DIRECTIONS: Once the pictures are set aside, repeat all of the data below exactly.

GIVEN DATA:
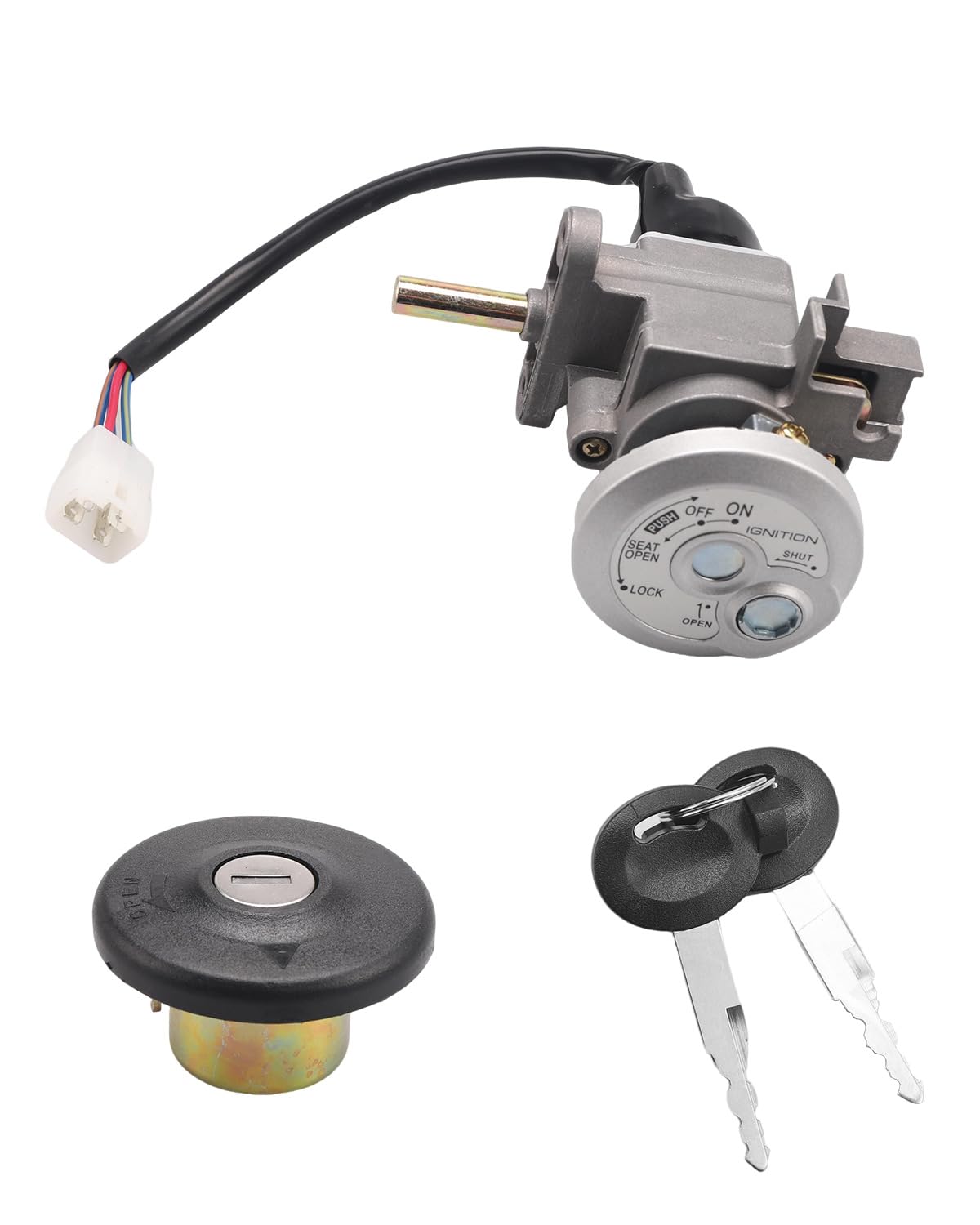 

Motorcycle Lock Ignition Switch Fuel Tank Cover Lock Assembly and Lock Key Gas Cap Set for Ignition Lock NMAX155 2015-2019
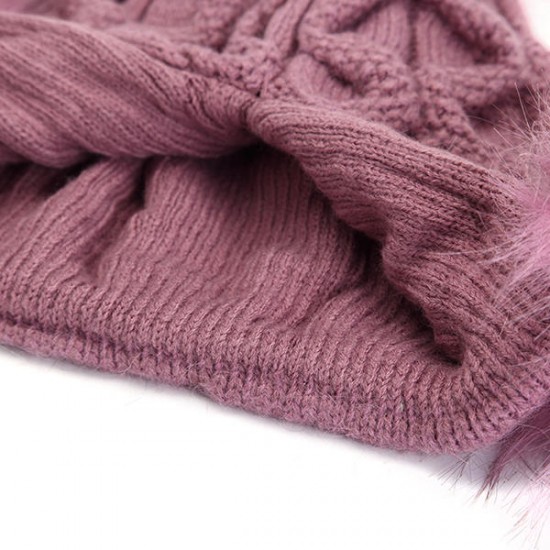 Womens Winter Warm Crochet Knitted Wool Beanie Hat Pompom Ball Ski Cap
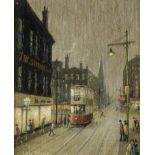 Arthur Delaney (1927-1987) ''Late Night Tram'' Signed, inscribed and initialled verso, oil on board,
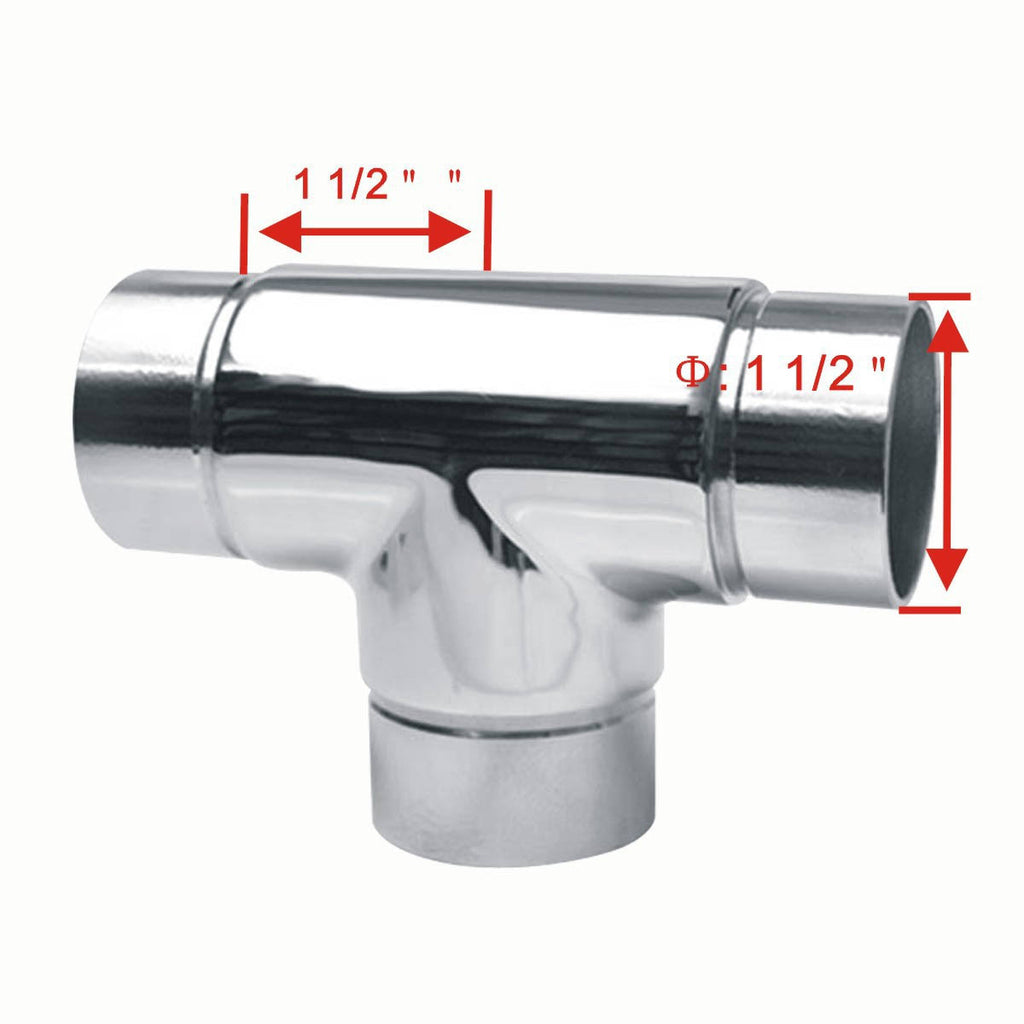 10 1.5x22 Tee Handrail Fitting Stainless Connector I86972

EXERCISE RESPONSE:
Motorcycle Lock Ignition Switch Fuel Tank Cover Lock Assembly and Lock Key Gas Cap Set for Ignition Lock NMAX155 2015-2019
 Womens Winter Warm Crochet Knitted Wool Beanie Hat Pompom Ball Ski Cap
 Arthur Delaney (1927-1987) ''Late Night Tram'' Signed, inscribed and initialled verso, oil on board,
 10 1.5x22 Tee Handrail Fitting Stainless Connector I86972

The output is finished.